Belarusians will not be free as long as authorities glorify those responsible for mass murders – Łatuška

October 31, BPN. Belarusian events held in different countries to commemorate the victims of the 1930s Stalin’s terror campaign are important for constructing historical memory, said Pavieł Łatuška of the opposition transition cabinet.

“It is tragic and dramatic, but it is ours,” he said in his address to the participants at the Night of Executed Poets event in Warsaw.

Belarusian officials openly praise Stalinist practices while hypocritically turning a blind eye to the crimes of Stalinism, the politician said.

The law enforcement agencies “consider themselves successors to Stalin’s NKVD [secret police],” he added. “Belarusians will not be free as long as law enforcers have [Felix] Dzerzhinsky’s pictures at their offices.”

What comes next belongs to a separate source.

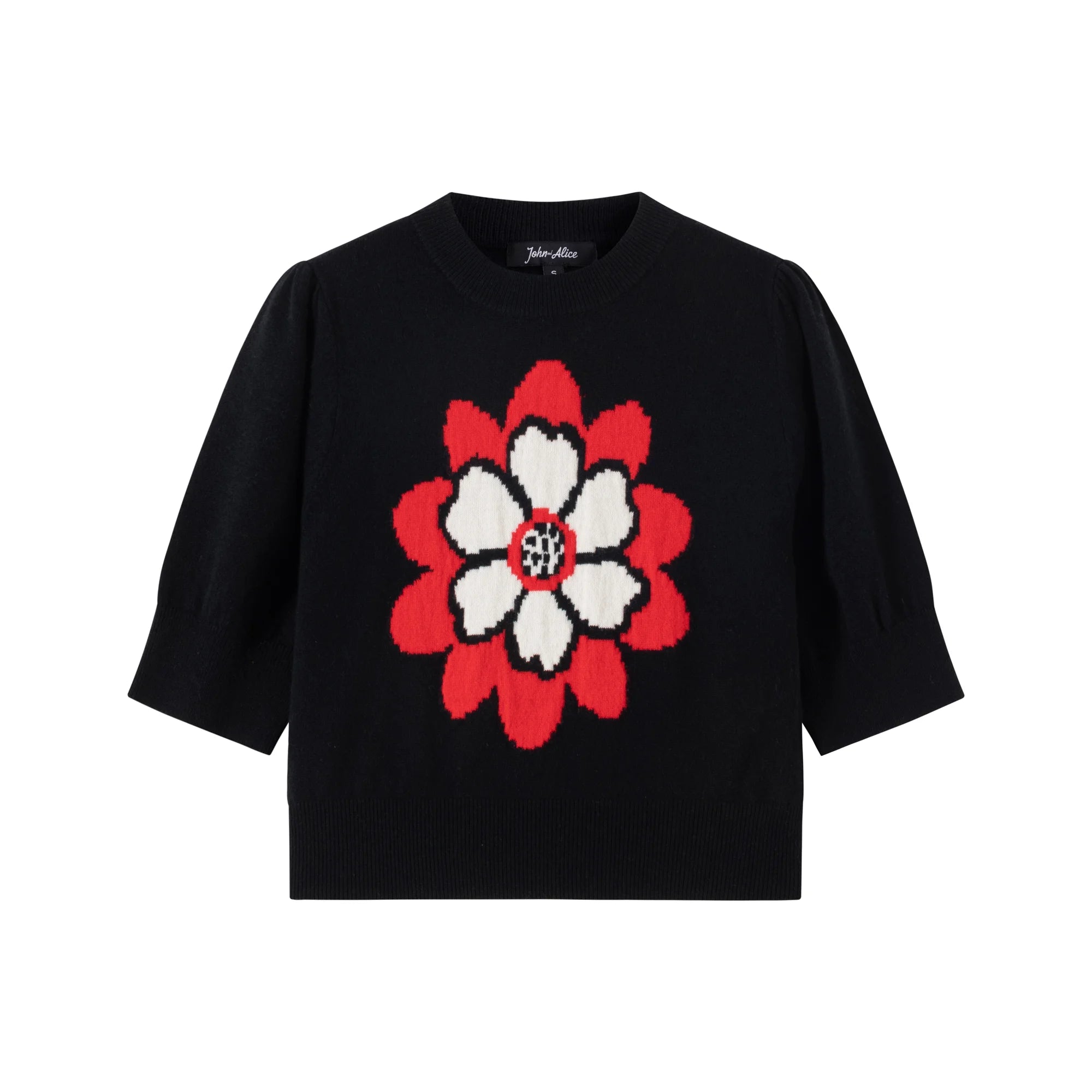 Front view of a black short-sleeve knit top with a crew neck, ribbed hem and abstract flower jacquard on the front.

In the night of October 30, 1937, the NKVD executed over 100 Belarusian intellectuals, including 22 writers and poets. The order came from Moscow and these people “were eliminated first of all because they were Belarusians,” Łatuška stressed.

Since 1988, Belarusian pro-democracy activists in various cities around the world have held commemorative events for the victims of Stalin’s terror campaign. Until 2020, literary readings and music performances were traditionally held at Kurapaty, a woody place outside Minsk where the NKVD had carried out executions. After 2020, these events were banned by authorities.